GOAL OF THE EXERCISE.
Set down every entry again word for word, please, but skip the pictures.

EXERCISE DATA.
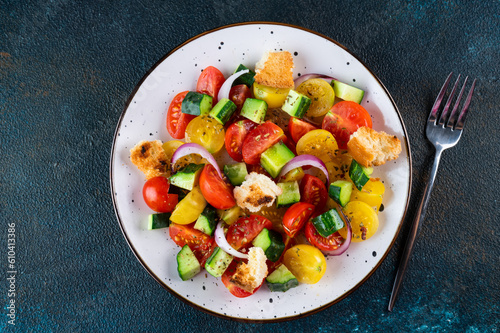 Vegetarian salad Panzanella with tomatoes, onion and bread Croutons. Dark background. Top view. Italian salad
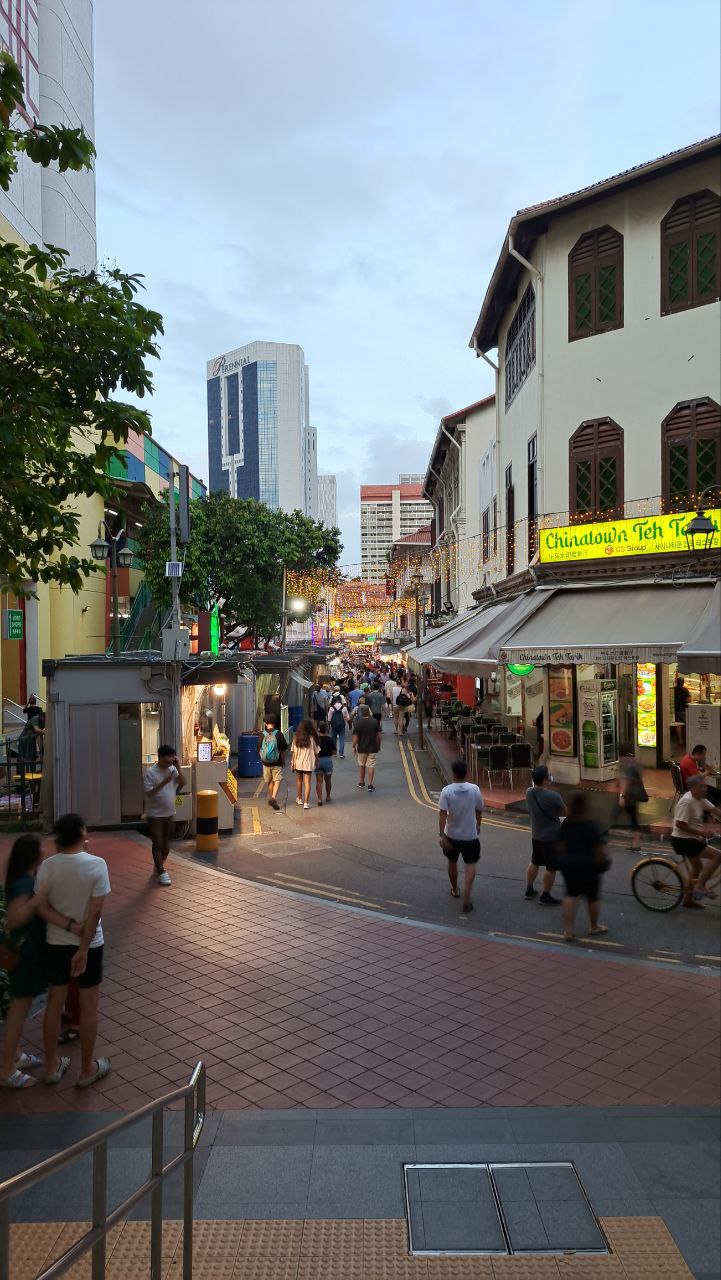 a bustling street scene in singapore, showcasing a mix of old and new architecture. the foreground features a tiled walkway with pedestrians walking by, while the background showcases traditional shophouses with bright yellow signs. the scene is framed by modern skyscrapers and a cityscape in the distance, highlighting the city's unique blend of modernity and heritage.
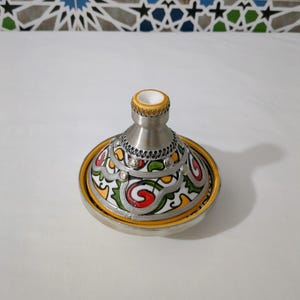 May include: A silver-colored tagine pot with a conical lid and a wide, shallow base. The base is decorated with a colorful, intricate pattern of red, yellow, green, and white designs. The lid has a decorative rim.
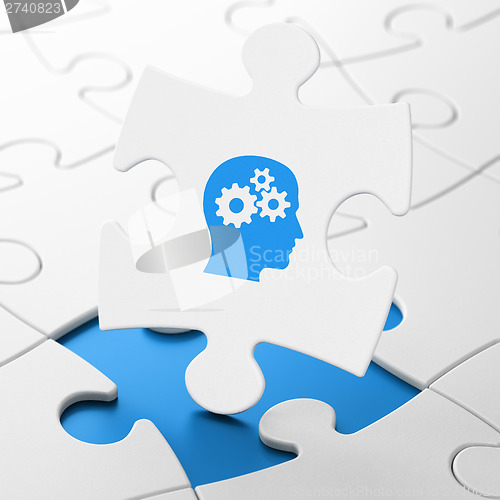 Image of Finance concept: Head With Gears on puzzle background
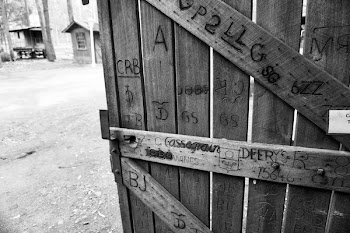 Gray Scale Photo of Brown Wooden Gate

RESULT BELOW.
 Vegetarian salad Panzanella with tomatoes, onion and bread Croutons. Dark background. Top view. Italian salad
 a bustling street scene in singapore, showcasing a mix of old and new architecture. the foreground features a tiled walkway with pedestrians walking by, while the background showcases traditional shophouses with bright yellow signs. the scene is framed by modern skyscrapers and a cityscape in the distance, highlighting the city's unique blend of modernity and heritage.
 May include: A silver-colored tagine pot with a conical lid and a wide, shallow base. The base is decorated with a colorful, intricate pattern of red, yellow, green, and white designs. The lid has a decorative rim.
 Image of Finance concept: Head With Gears on puzzle background
 Gray Scale Photo of Brown Wooden Gate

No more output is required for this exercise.